[[ Records supplied, beginning ]]
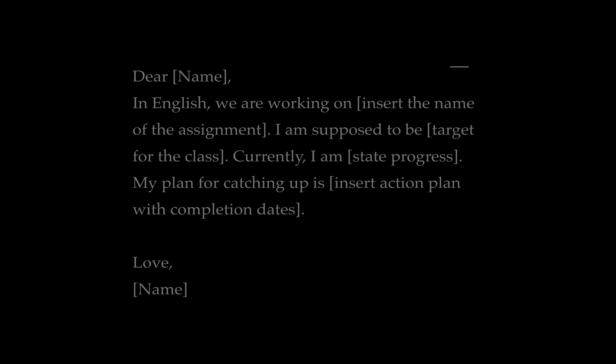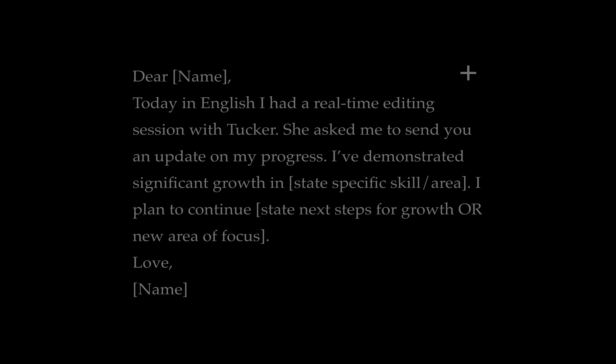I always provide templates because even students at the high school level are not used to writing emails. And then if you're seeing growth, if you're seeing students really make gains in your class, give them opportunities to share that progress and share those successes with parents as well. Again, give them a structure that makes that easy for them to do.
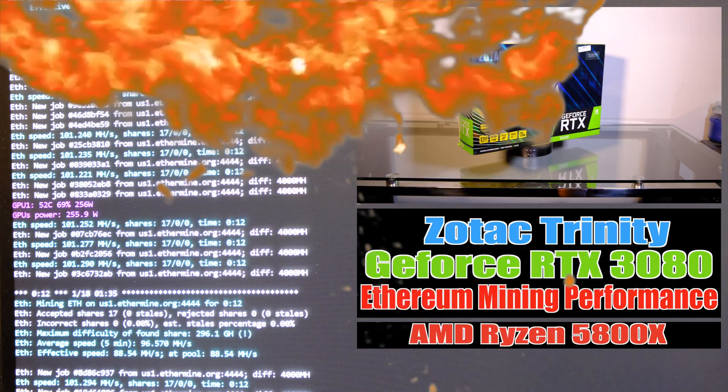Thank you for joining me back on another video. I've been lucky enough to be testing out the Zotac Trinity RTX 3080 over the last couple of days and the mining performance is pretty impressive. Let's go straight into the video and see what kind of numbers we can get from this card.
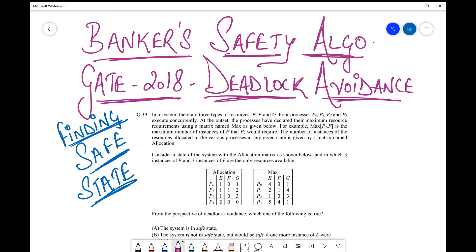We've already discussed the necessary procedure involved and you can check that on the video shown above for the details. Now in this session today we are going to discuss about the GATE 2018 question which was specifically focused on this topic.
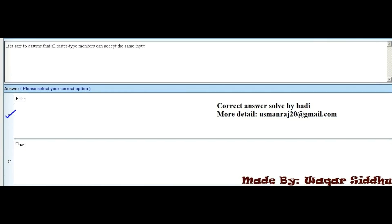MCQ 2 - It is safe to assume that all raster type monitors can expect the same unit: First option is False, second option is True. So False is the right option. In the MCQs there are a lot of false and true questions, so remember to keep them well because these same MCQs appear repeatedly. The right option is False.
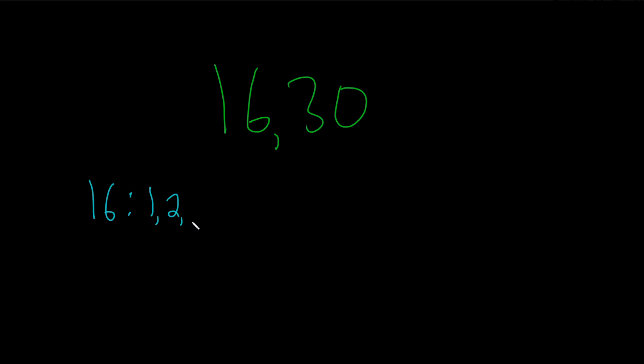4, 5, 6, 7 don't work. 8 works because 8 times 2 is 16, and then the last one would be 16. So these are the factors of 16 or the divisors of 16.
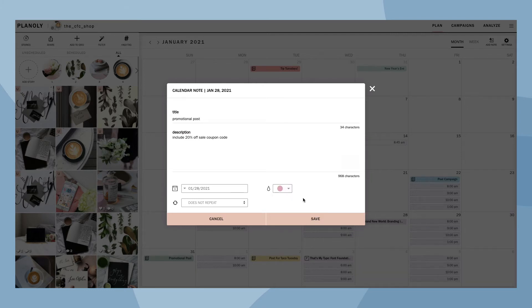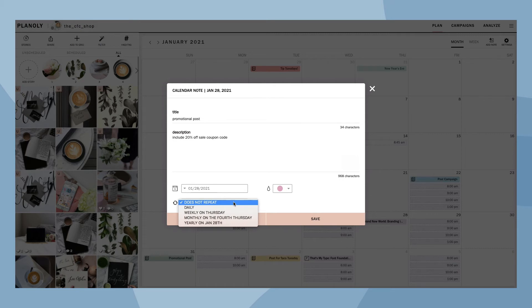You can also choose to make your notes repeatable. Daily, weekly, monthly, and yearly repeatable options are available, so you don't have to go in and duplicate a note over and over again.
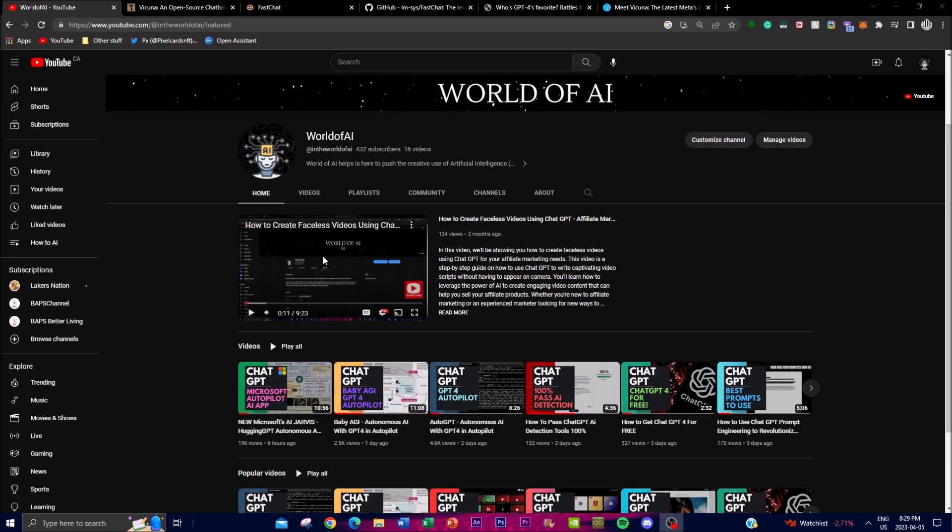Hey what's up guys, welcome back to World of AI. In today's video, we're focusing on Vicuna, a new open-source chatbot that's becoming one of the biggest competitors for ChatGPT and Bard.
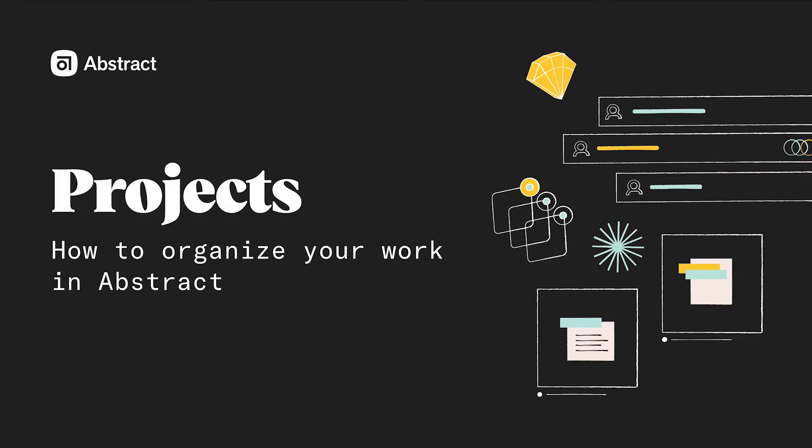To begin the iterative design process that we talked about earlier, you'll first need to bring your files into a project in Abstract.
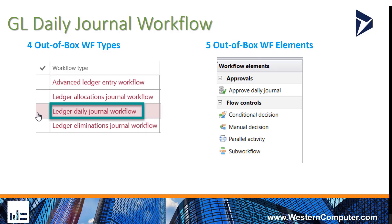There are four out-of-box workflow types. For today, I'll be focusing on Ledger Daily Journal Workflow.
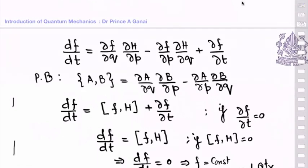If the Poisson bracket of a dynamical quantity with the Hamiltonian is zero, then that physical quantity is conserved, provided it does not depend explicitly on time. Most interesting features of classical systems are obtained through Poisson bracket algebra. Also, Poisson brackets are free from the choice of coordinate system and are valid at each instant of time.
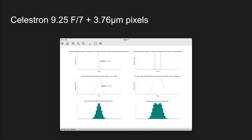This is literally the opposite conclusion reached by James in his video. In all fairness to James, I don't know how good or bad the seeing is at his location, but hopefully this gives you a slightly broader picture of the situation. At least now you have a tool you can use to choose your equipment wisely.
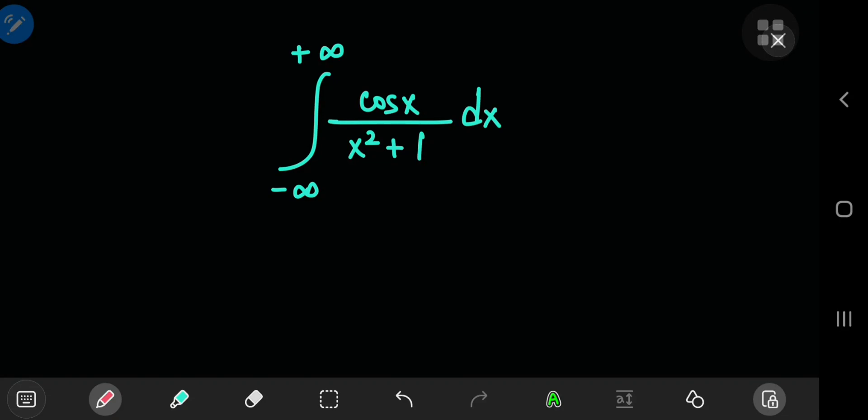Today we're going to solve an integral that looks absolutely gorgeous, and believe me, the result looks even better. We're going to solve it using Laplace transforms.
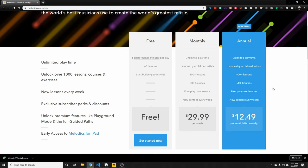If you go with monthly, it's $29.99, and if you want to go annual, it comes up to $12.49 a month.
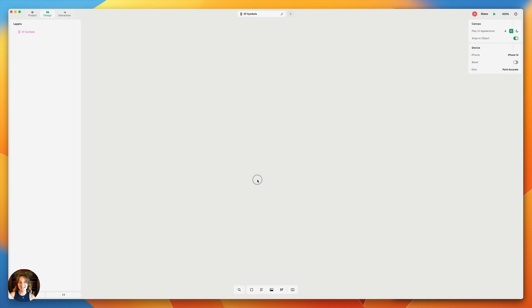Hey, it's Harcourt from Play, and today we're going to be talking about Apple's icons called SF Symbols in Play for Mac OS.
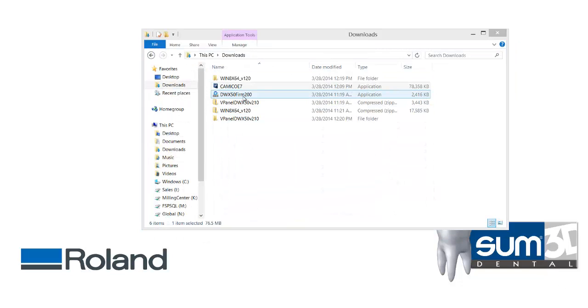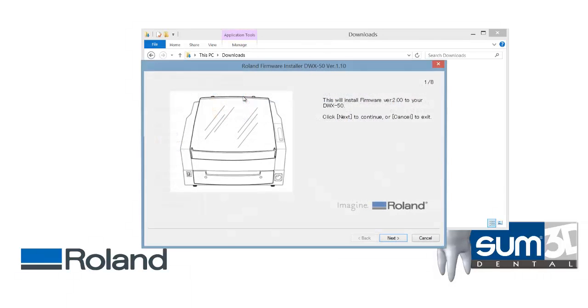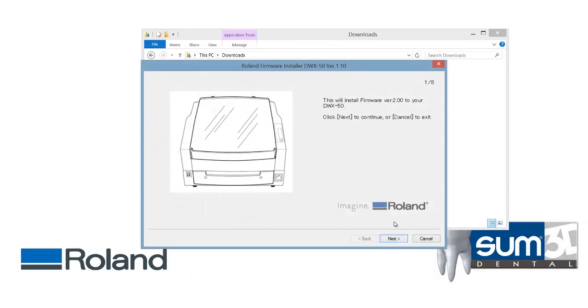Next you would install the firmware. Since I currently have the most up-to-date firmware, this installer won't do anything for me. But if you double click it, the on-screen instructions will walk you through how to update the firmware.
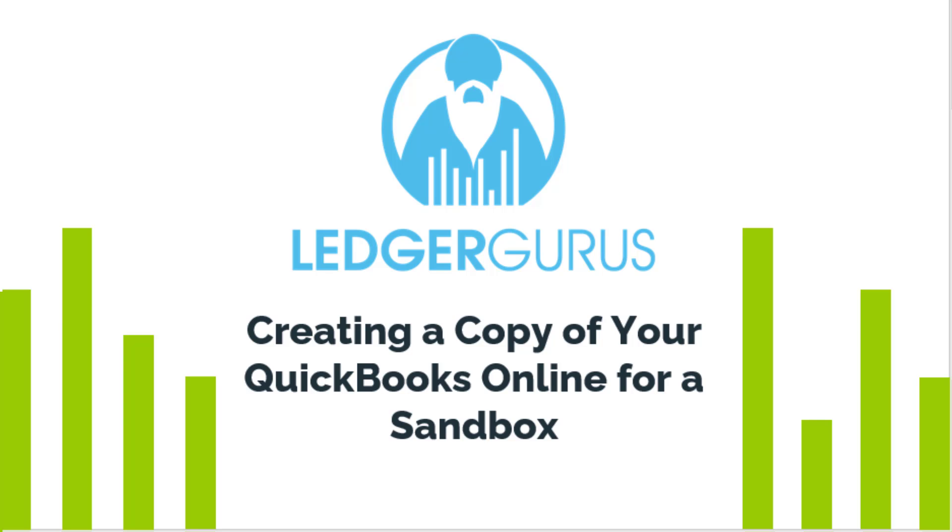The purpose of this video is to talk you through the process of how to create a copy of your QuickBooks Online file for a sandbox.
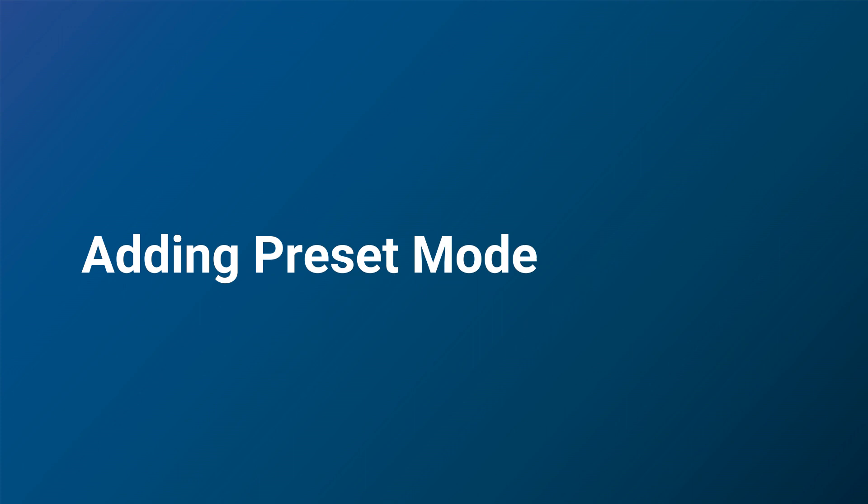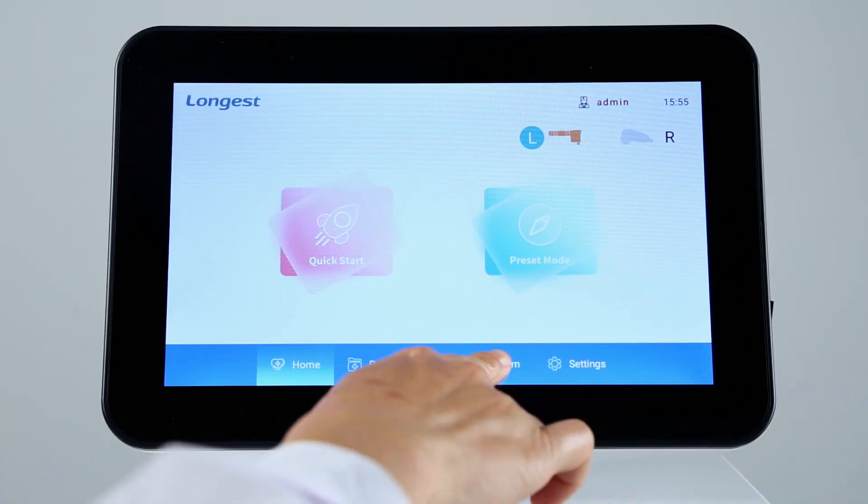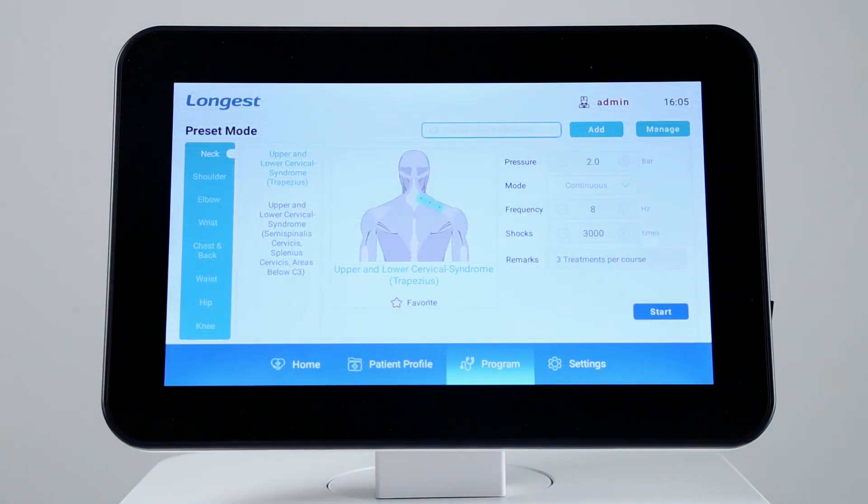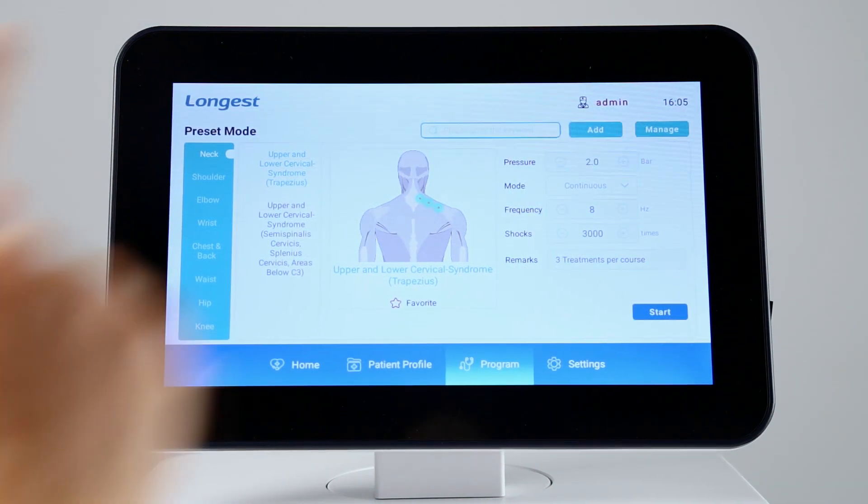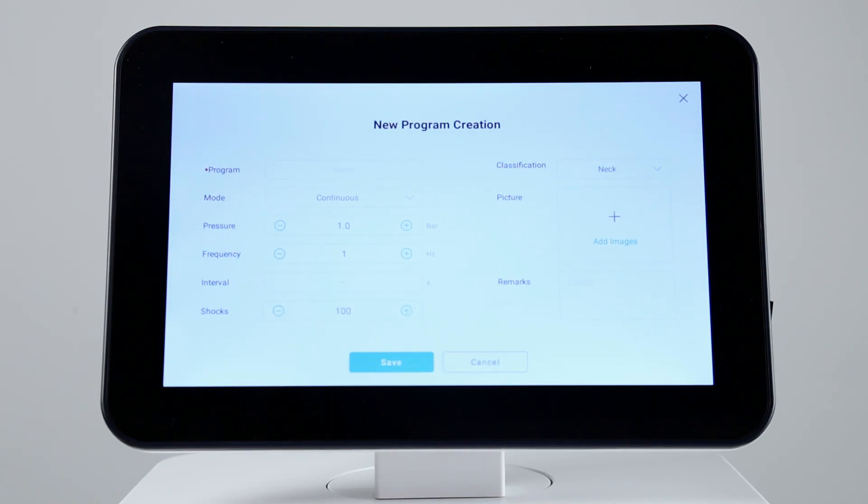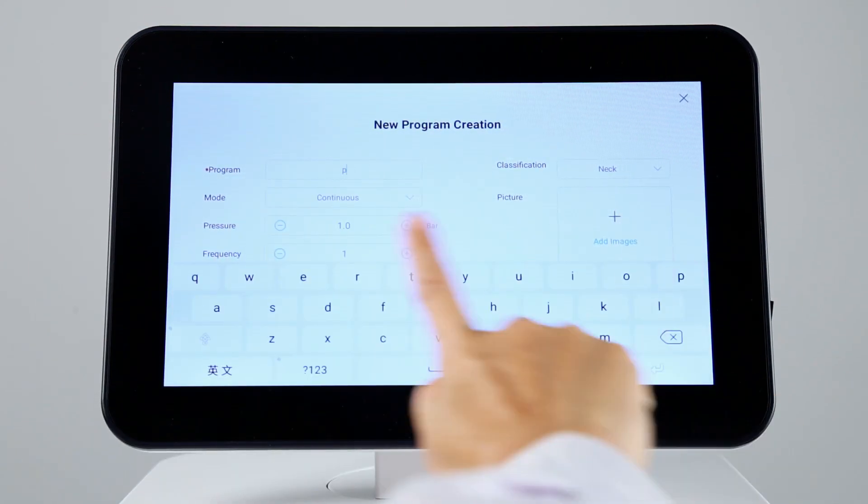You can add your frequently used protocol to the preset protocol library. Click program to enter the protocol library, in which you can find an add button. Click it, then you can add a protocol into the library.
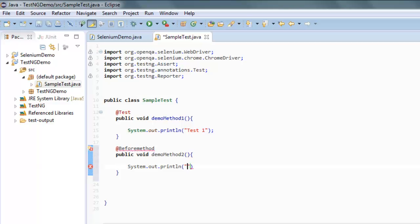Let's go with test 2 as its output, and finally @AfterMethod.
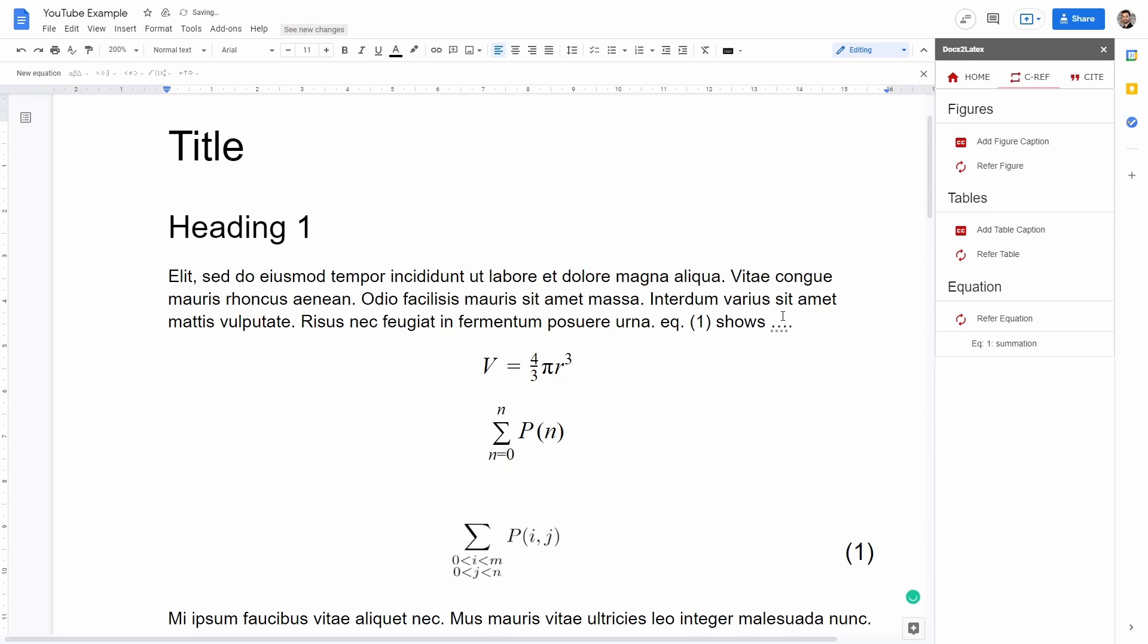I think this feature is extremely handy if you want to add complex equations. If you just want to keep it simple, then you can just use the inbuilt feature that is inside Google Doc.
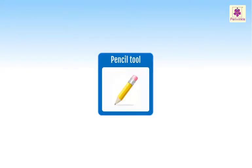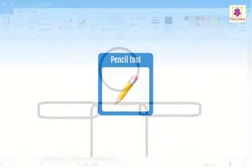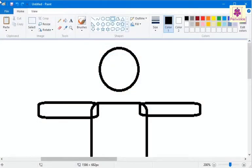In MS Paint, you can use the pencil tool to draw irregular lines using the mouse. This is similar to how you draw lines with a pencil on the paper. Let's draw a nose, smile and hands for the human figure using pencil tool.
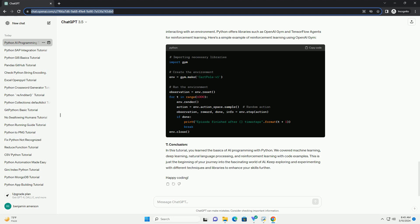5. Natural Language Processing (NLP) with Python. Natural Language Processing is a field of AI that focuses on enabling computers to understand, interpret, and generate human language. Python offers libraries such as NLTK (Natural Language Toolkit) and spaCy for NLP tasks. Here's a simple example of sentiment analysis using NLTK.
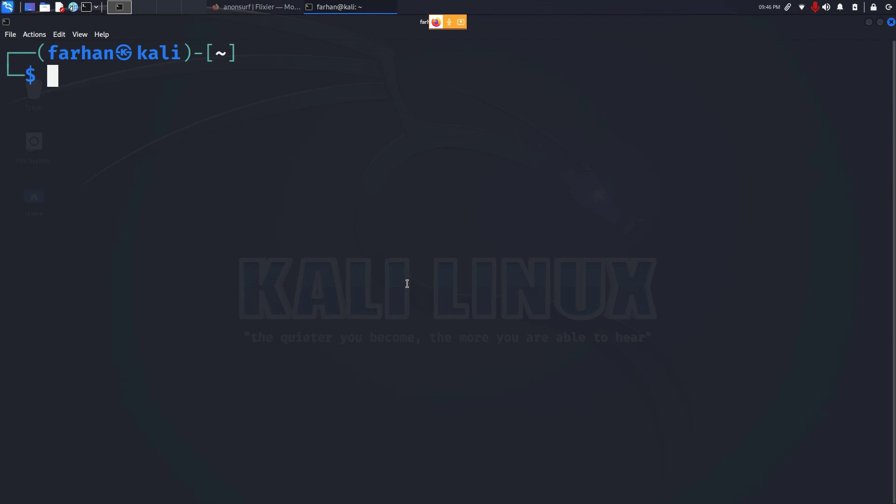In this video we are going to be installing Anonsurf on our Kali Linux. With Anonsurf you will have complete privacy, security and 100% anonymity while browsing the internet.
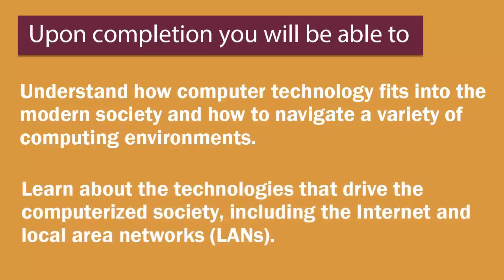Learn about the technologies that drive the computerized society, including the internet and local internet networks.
[[ Records supplied, end ]]
To do: The answer should be the records above, unchanged, with the pictures omitted.

Expected output:
I always provide templates because even students at the high school level are not used to writing emails. And then if you're seeing growth, if you're seeing students really make gains in your class, give them opportunities to share that progress and share those successes with parents as well. Again, give them a structure that makes that easy for them to do.
Thank you for joining me back on another video. I've been lucky enough to be testing out the Zotac Trinity RTX 3080 over the last couple of days and the mining performance is pretty impressive. Let's go straight into the video and see what kind of numbers we can get from this card.
We've already discussed the necessary procedure involved and you can check that on the video shown above for the details. Now in this session today we are going to discuss about the GATE 2018 question which was specifically focused on this topic.
MCQ 2 - It is safe to assume that all raster type monitors can expect the same unit: First option is False, second option is True. So False is the right option. In the MCQs there are a lot of false and true questions, so remember to keep them well because these same MCQs appear repeatedly. The right option is False.
4, 5, 6, 7 don't work. 8 works because 8 times 2 is 16, and then the last one would be 16. So these are the factors of 16 or the divisors of 16.
You can also choose to make your notes repeatable. Daily, weekly, monthly, and yearly repeatable options are available, so you don't have to go in and duplicate a note over and over again.
Hey what's up guys, welcome back to World of AI. In today's video, we're focusing on Vicuna, a new open-source chatbot that's becoming one of the biggest competitors for ChatGPT and Bard.
To begin the iterative design process that we talked about earlier, you'll first need to bring your files into a project in Abstract.
There are four out-of-box workflow types. For today, I'll be focusing on Ledger Daily Journal Workflow.
If the Poisson bracket of a dynamical quantity with the Hamiltonian is zero, then that physical quantity is conserved, provided it does not depend explicitly on time. Most interesting features of classical systems are obtained through Poisson bracket algebra. Also, Poisson brackets are free from the choice of coordinate system and are valid at each instant of time.
This is literally the opposite conclusion reached by James in his video. In all fairness to James, I don't know how good or bad the seeing is at his location, but hopefully this gives you a slightly broader picture of the situation. At least now you have a tool you can use to choose your equipment wisely.
Today we're going to solve an integral that looks absolutely gorgeous, and believe me, the result looks even better. We're going to solve it using Laplace transforms.
If you go with monthly, it's $29.99, and if you want to go annual, it comes up to $12.49 a month.
Hey, it's Harcourt from Play, and today we're going to be talking about Apple's icons called SF Symbols in Play for Mac OS.
Next you would install the firmware. Since I currently have the most up-to-date firmware, this installer won't do anything for me. But if you double click it, the on-screen instructions will walk you through how to update the firmware.
The purpose of this video is to talk you through the process of how to create a copy of your QuickBooks Online file for a sandbox.
You can add your frequently used protocol to the preset protocol library. Click program to enter the protocol library, in which you can find an add button. Click it, then you can add a protocol into the library.
Let's go with test 2 as its output, and finally @AfterMethod.
I think this feature is extremely handy if you want to add complex equations. If you just want to keep it simple, then you can just use the inbuilt feature that is inside Google Doc.
In MS Paint, you can use the pencil tool to draw irregular lines using the mouse. This is similar to how you draw lines with a pencil on the paper. Let's draw a nose, smile and hands for the human figure using pencil tool.
5. Natural Language Processing (NLP) with Python. Natural Language Processing is a field of AI that focuses on enabling computers to understand, interpret, and generate human language. Python offers libraries such as NLTK (Natural Language Toolkit) and spaCy for NLP tasks. Here's a simple example of sentiment analysis using NLTK.
In this video we are going to be installing Anonsurf on our Kali Linux. With Anonsurf you will have complete privacy, security and 100% anonymity while browsing the internet.
Learn about the technologies that drive the computerized society, including the internet and local internet networks.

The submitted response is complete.